Alain Rodier, analyste en renseignement et spécialiste des questions de défense, est un observateur averti des dynamiques géopolitiques au Moyen-Orient. Il est Directeur de recherche au Cf2R. Le 1er octobre, pour la seconde fois depuis cet été, environ 200 missiles ont été tirés par l’Iran sur Israël en riposte aux incursions de l’armée de l’État hébreu au Liban et à l’élimination du chef du Hezbollah. Une attaque terroriste dans le quartier de Jaffa, à Tel-Aviv, a par ailleurs fait au moins quatre morts. Alors que les tensions entre Israël, le Hamas, le Hezbollah et l’Iran s’intensifient, Washington et Tel-Aviv discutent de la nécessité de démanteler les infrastructures militaires du Hezbollah au Liban voire directement de l’Iran. Dans ce contexte explosif, Rodier apporte son analyse sur les implications de ces tensions pour la stabilité régionale, les enjeux stratégiques de l’Iran et le rôle des grandes puissances, notamment des États-Unis, dans cette crise.

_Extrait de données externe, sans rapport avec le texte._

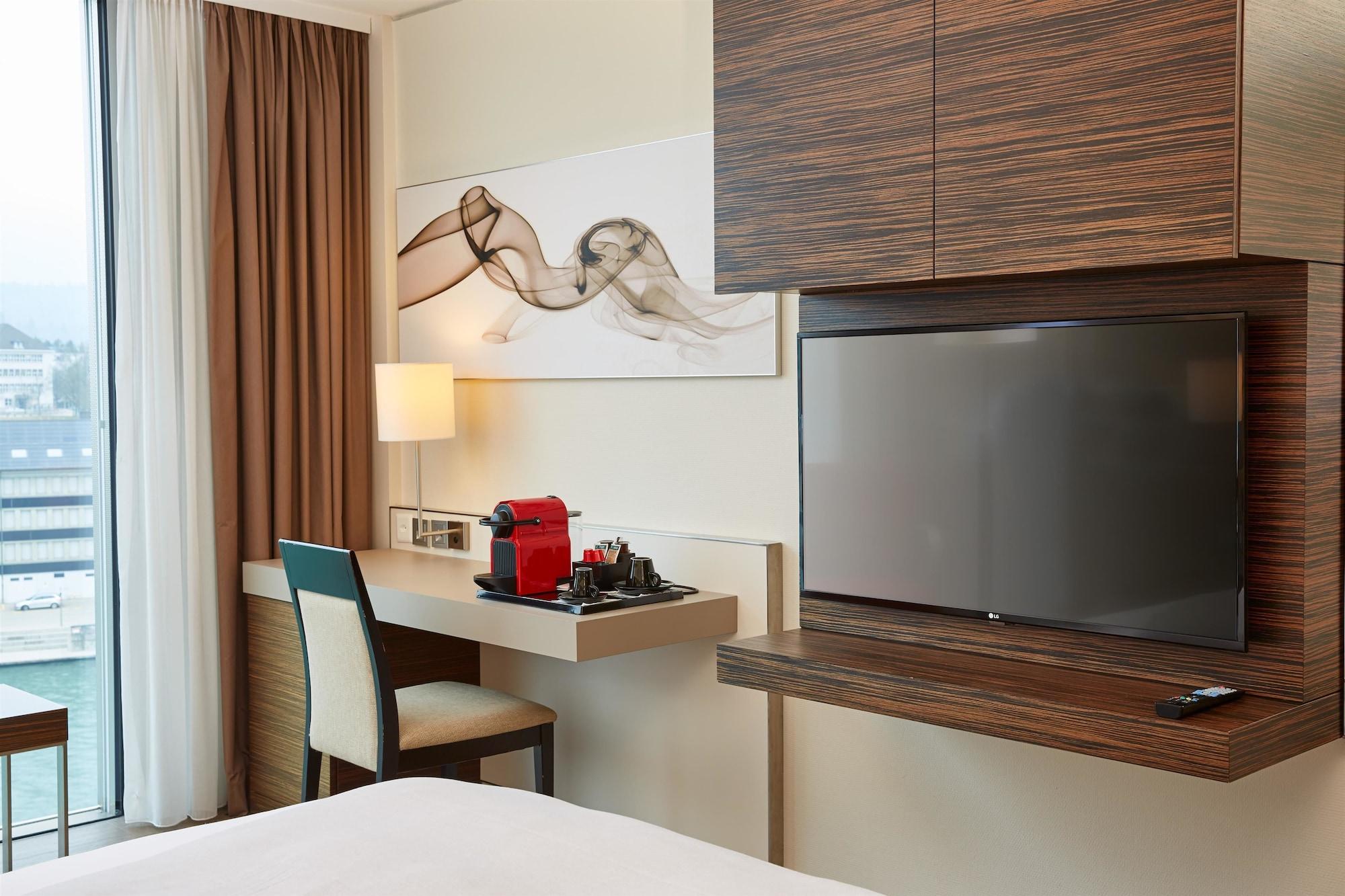 H4 Hotel Золотурн Екстер'єр фото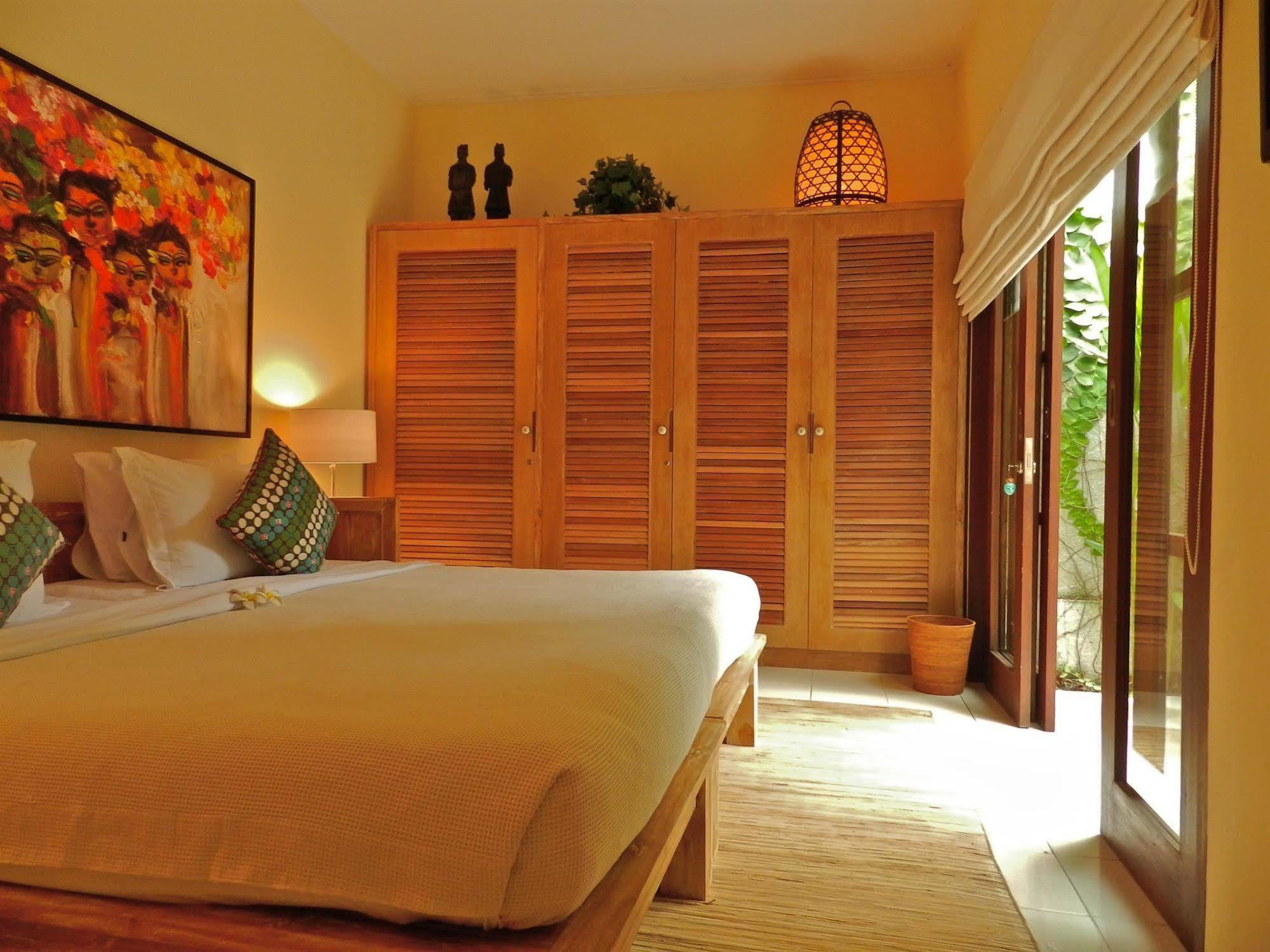 Intan Seminyak (Bali)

Propos recueillis par Mathilde Georges

Le Diplomate : Cette nouvelle attaque balistique de l’Iran sur Israël est-elle une erreur de Téhéran comme le pensent certains observateurs ? Quelle peut être la réplique de l’État hébreu ?

Alain Rodier : Ce n’est pas une erreur, mais un choix délibéré. Ils ont choisi d’agir, car il devenait compliqué pour les mollahs de rester passifs, surtout avec leur allié, le Hezbollah, sous attaque. Des voix commençaient à s’élever, tant du côté du Hezbollah que parmi ses sympathisants, exprimant des critiques sur le fait que « l’Iran ne réagit pas ». Nous saurons plus tard si cela s’avère être une erreur.

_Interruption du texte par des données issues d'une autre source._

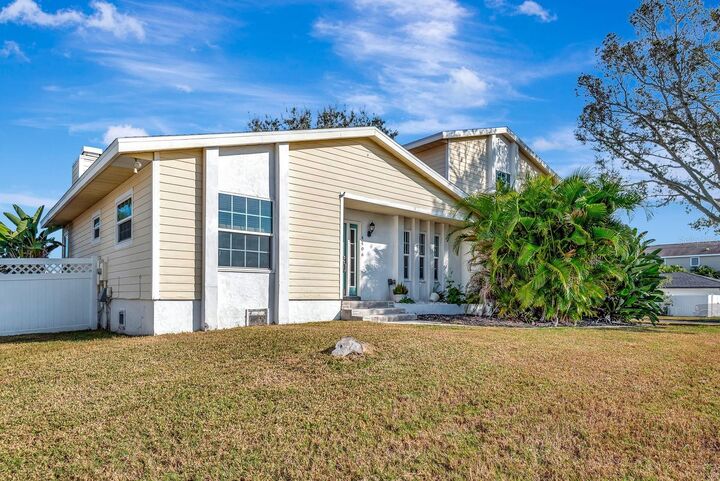Property Photo:  4406 17th Street W  FL 34221 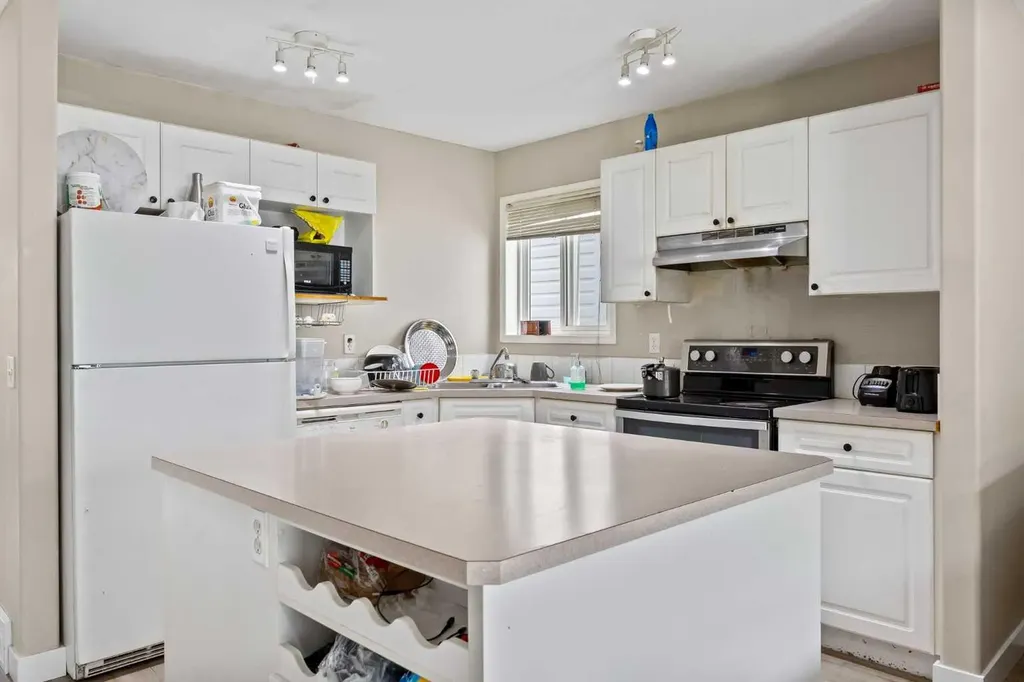 78 Tarington Place NE Calgary AB T3J 4X4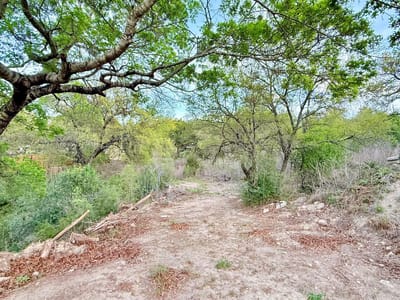 Living area at 2322 Little Beaver Trl - Apache Shores Sec 02, Austin, TX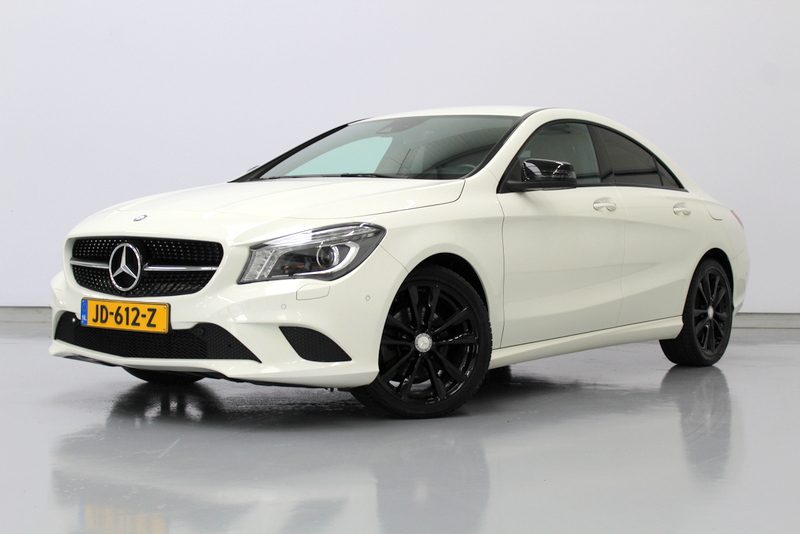 Mercedes-Benz CLA-Klasse 180 Ambition 123PK, NAVIGATIE | DEELS LEER | CRUISE CONTROLE | CAMERA | DEALER ONDERHOUDEN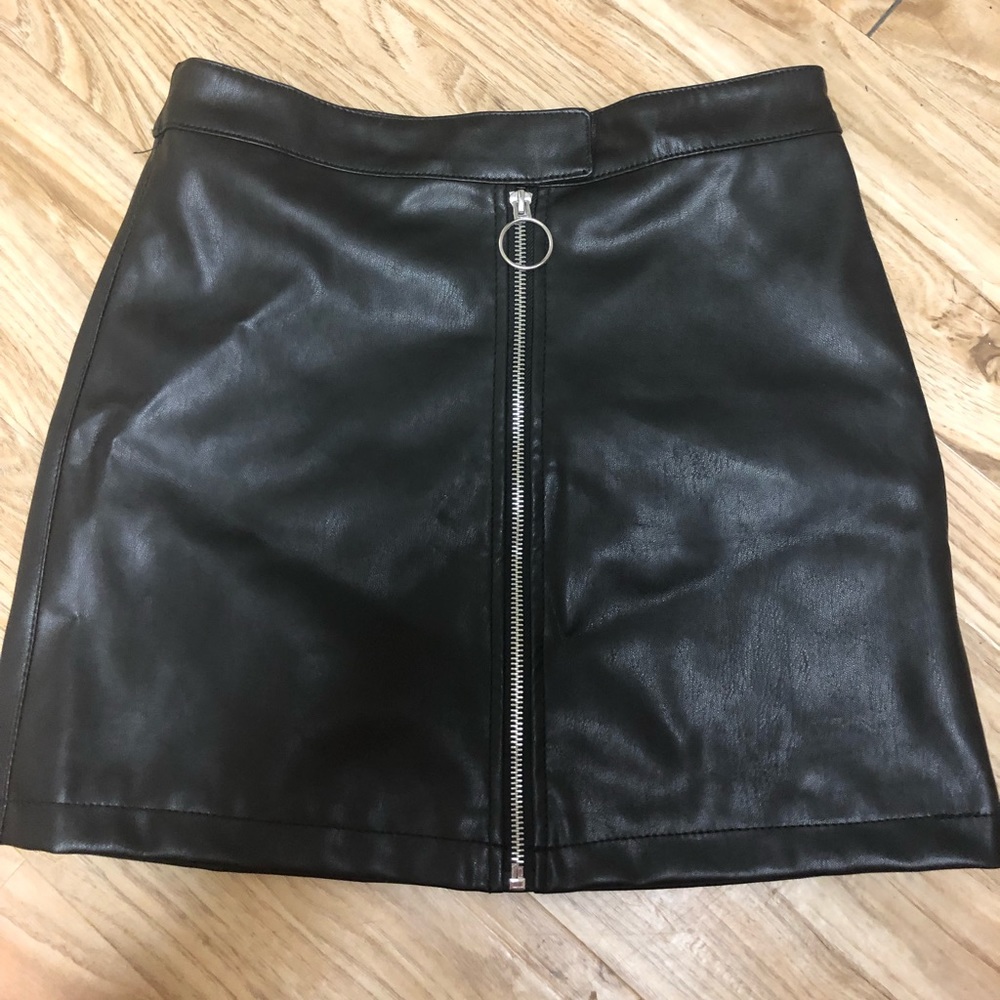 Black leather skirt!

De plus, l’efficacité des frappes iraniennes peut être remise en question. Une frappe coûteuse de l’Iran sur Israël n’a fait qu’une seule victime, alors que l’action terroriste par deux individus neutralisés au Sud de Tel-Aviv, a tué plus de monde qu’une opération cher et difficile à mener. Cela pose la question du rapport coût-efficacité.

L’État hébreu a promis une riposte. Il est clair qu’ils prendront leur temps, car ils sont encore profondément engagés à Gaza, en Cisjordanie, au Liban (où la situation est en cours et loin d’être résolue), en Syrie et en Iran. Je pense qu’il y aura inévitablement des frappes en Iran. D’autant plus qu’Israël a mené des actions non conventionnelles en Iran depuis des années, à travers des attentats ciblés et des sabotages. Quelle forme cela prendra-t-il ? Les Israéliens sont peut-être encore en train de décider, mais ils riposteront d’une manière ou d’une autre. Ce n’est pas la première fois qu’il y a des frappes en Iran, que ce soit par l’opération Homo, (éliminations ciblées d’individus), ou par l’opération Arma (frappes contre des infrastructures).

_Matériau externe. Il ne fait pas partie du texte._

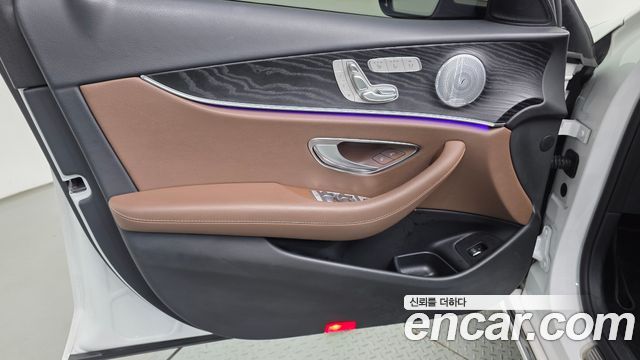 Mercedes-Benz E-Class (W213) E300 Avantgarde 2020 — фото 24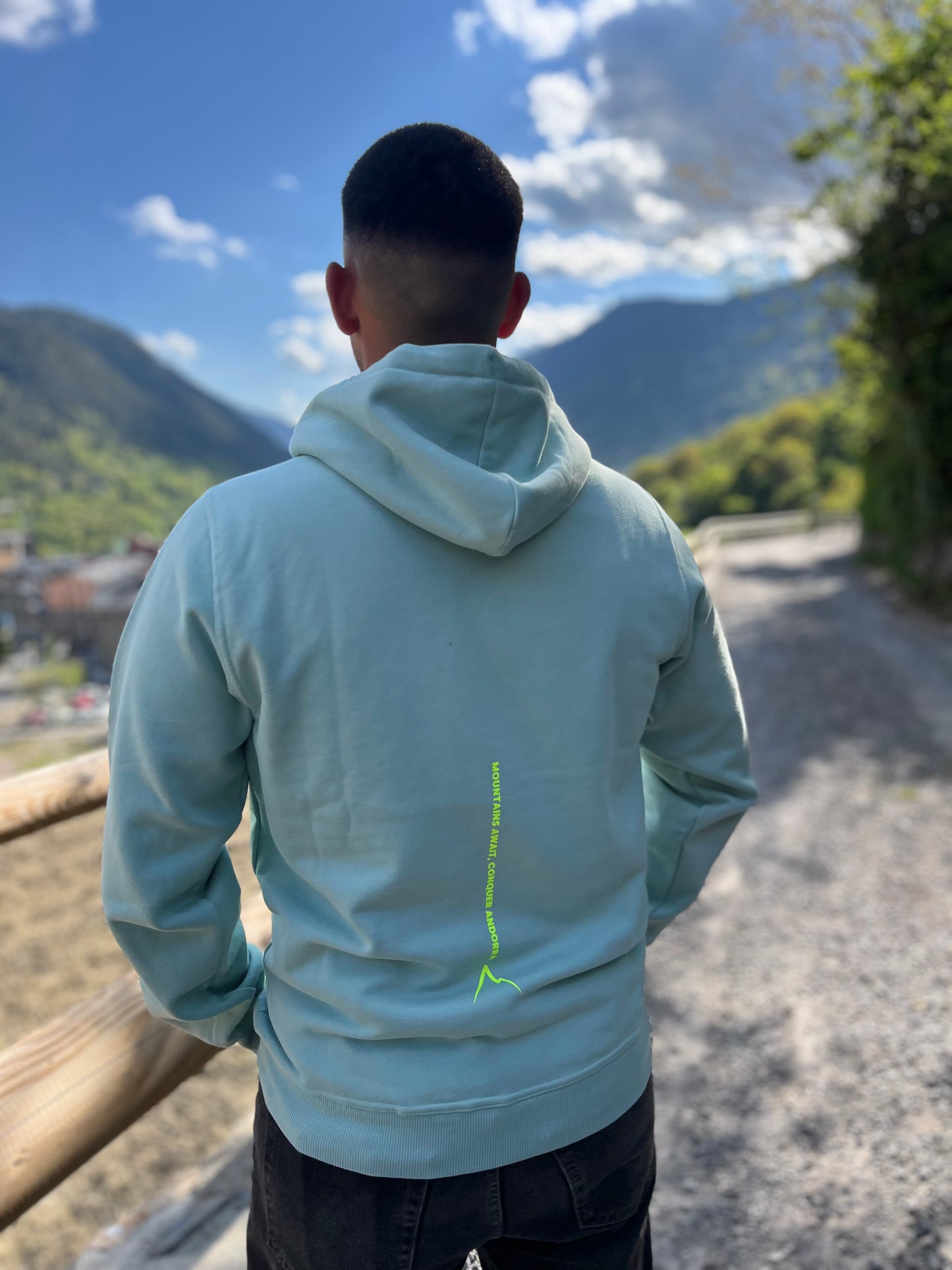 đ Sudadera Verde Pastel & Cordones FlĂșor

LD : Les États-Unis et Israël semblent alignés sur la nécessité de démanteler les infrastructures du Hezbollah au Liban voire sur une « attaque coordonnée » sur l’Iran. Les Américains semblent avoir abandonné l’option diplomatique pour l’action militaire, bluff ou réalité ?

AR : Les États-Unis se trouvent dans une position très délicate, surtout avec l’élection présidentielle qui approche. En réalité, c’est l’administration Biden qui a décidé de se positionner fermement aux côtés d’Israël. Je pense qu’ils ont été quelque peu confrontés à la réalité. Je rappelle que Biden avait exprimé quelques réserves en début de semaine, indiquant qu’il ne souhaitait pas d’interventions terrestres au Liban.

Dès lors, Israël, sentant cette indécision du côté américain, est passé à l’action. Je dirais que Biden n’avait pas vraiment d’autre choix que de soutenir Israël. Le premier soutien militaire consiste en la participation à l’interception des missiles et autres projectiles lancés par l’Iran vers Israël. Le second aspect est probablement la fourniture d’informations et de renseignements précis concernant le Liban et l’Iran. Je ne pense pas que cela aboutisse à une intervention directe des États-Unis contre l’Iran. Lorsque l’on intercepte des missiles en provenance d’Iran, cela ne constitue pas une intervention contre l’Iran.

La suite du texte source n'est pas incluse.